Everything in this directory creates or operates on COCO Camera Traps databases, which are .json files structured as...
{
"info" : info,
"images" : [image],
"categories" : [category],
"annotations" : [annotation]
}
info
{
# Required
"version" : str,
"description" : str,
# Optional
"year" : int,
"contributor" : str
"date_created" : datetime
}
image
{
# Required
"id" : str,
"file_name" : str,
# Optional
"width" : int,
"height" : int,
"rights_holder" : str,
"datetime": datetime,
"seq_id": str,
"seq_num_frames": int,
"frame_num": int
# This is an int in older data sets, but convention is now strings
"location": str,
# Image corruption is quite common in camera trap images, and throwing out corrupt
# images in database assembly is "dodging part of the problem". Wherever possible,
# use this flag to indicate that an image failed to load, e.g. in PIL and/or TensorFlow.
"corrupt": bool
}
category
{
# Required
# Category ID 0 reserved for the class "empty"; all other categories vary by data
# set. Positive integers only.
"id" : int,
"name" : str
}
annotation
{
# Required
"id" : str,
"image_id" : str,
"category_id" : int,
# Optional
# These are in absolute, floating-point coordinates, with the origin at the upper-left
"bbox": [x,y,width,height],
# This indicates that this annotation is really applied at the *sequence* level,
# and may not be reliable at the individual-image level. Since the *sequences* are
# the "atom of interest" for most ecology applications, this is common.

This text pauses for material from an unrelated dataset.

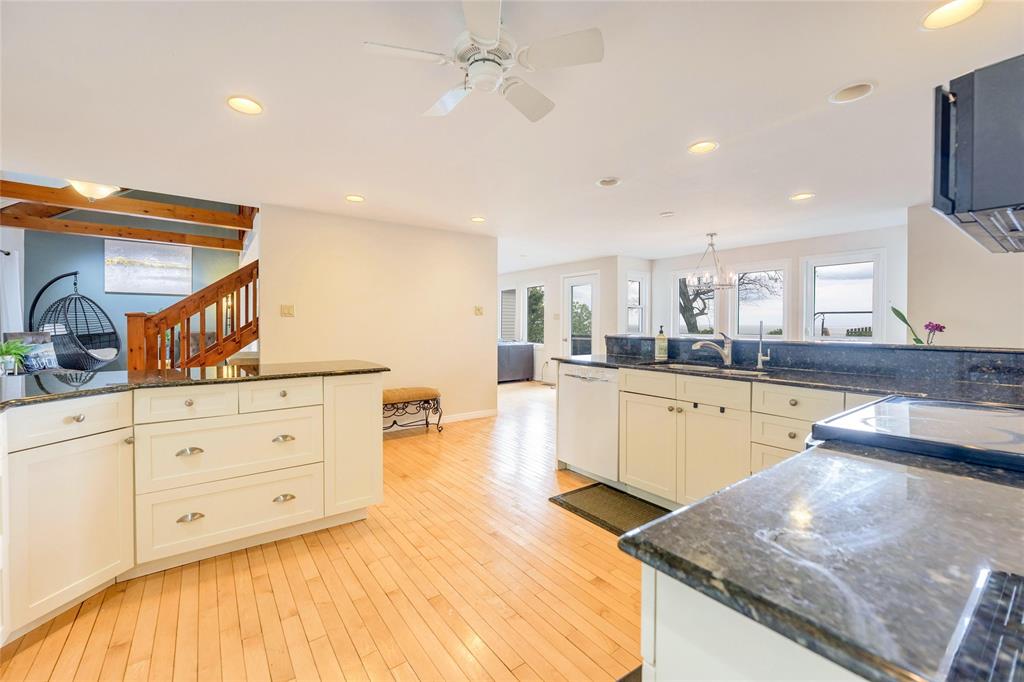 3186 DANA Street, Plympton-Wyoming, Ontario, Canada photo 21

"sequence_level_annotation" : bool
}
seq_num_frames
is the total number of frames in the sequence that this image belongs to.
frame_num
specifies this frame's order in the sequence.
Note that the coordinates in the bbox
field are absolute here, different from those in the batch processing API output, which are relative.
Fields listed as "optional" are intended to standardize commonly-used parameters (such as date/time information). When present, fields should follow the above conventions. Additional fields may be present for specific data sets.
Whenever possible, the category ID 0 is associated with a class called "empty", even if there are no empty images in a data set. When preparing data sets, we normalize all versions of "empty" (such as "none", "Empty", "no animal", etc.) to "empty".
This directory is organized into the following subdirectories...
Miscellaneous tools for manipulating COCO Camera Traps .json files. Of particular note is sanity_check_json_db.py
, which validates that a CCT database is well-formatted, optionally checking image existence and size.
Code for creating new bounding box annotation tasks and converting annotations to COCO Camera Traps format.
Code for converting frequently-used metadata formats (or sometimes one-off data sets) to COCO Camera Traps .json files.
Code for generating tfrecords from COCO Camera Traps .json files. This directory is based on the Visipedia tfrecords repo.
Scripts for creating and analyzing a dataset for classification specifically.